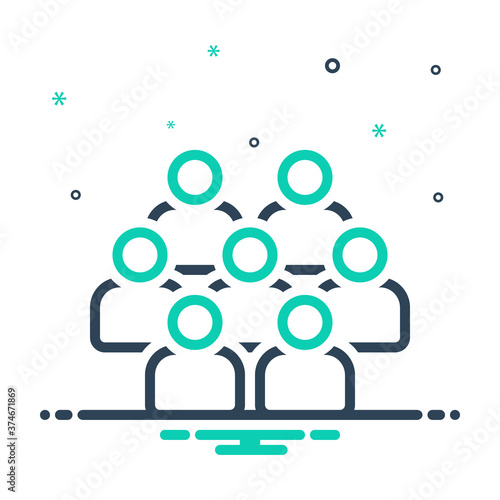 Mix  icon for board 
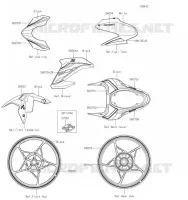 Decals(White)(DKF) pour Kawasaki Z900 2019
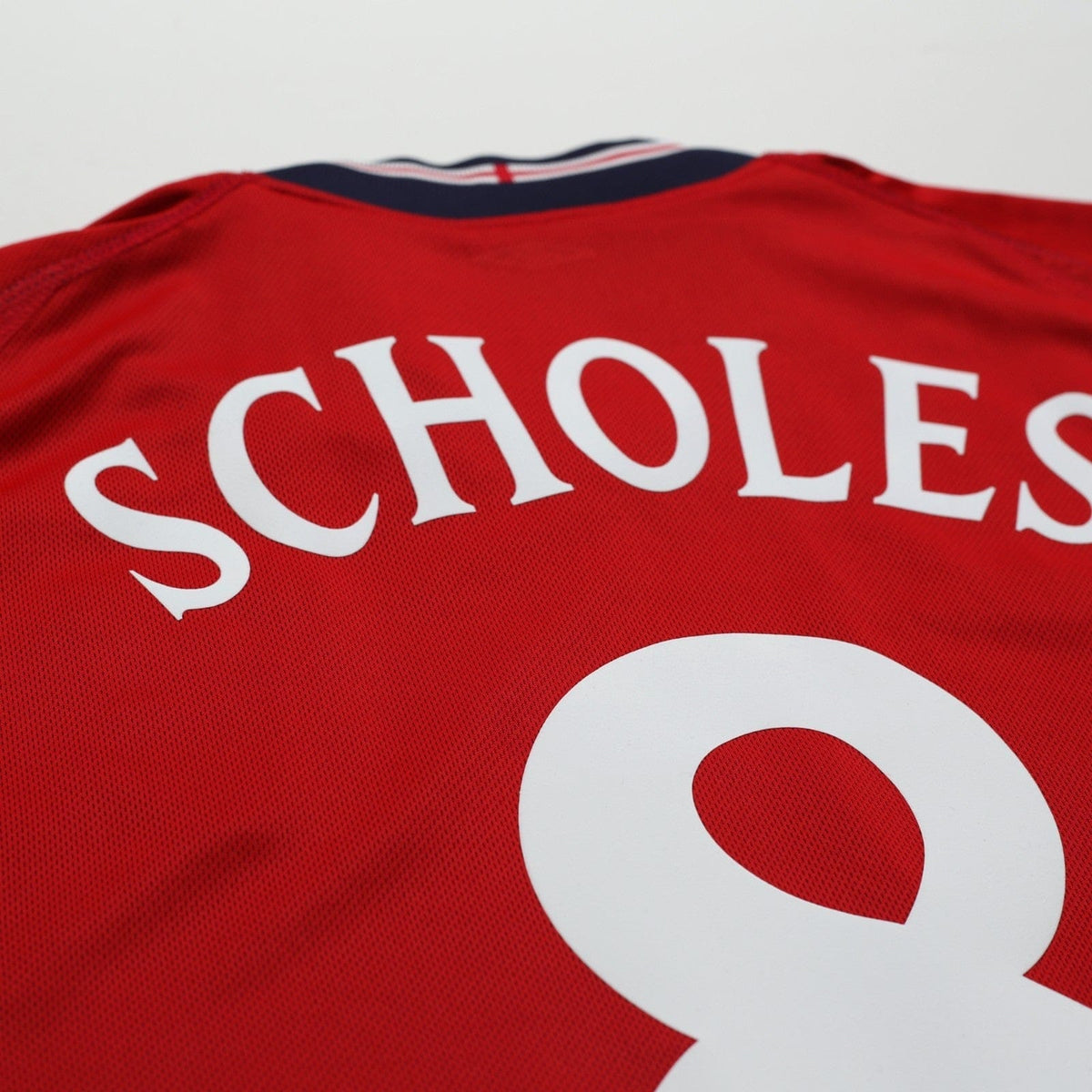 2002/04 Scholes #8 England Vintage Umbro Away Football Shirt (M) Argentina WC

Task goal
A verbatim copy is needed of the lines running from the line with "Decals(White)(DKF) pour Kawasaki Z900 2019" to the end of the data above, both included. Keep the pictures out of it.

Exercise result
 Decals(White)(DKF) pour Kawasaki Z900 2019
 2002/04 Scholes #8 England Vintage Umbro Away Football Shirt (M) Argentina WC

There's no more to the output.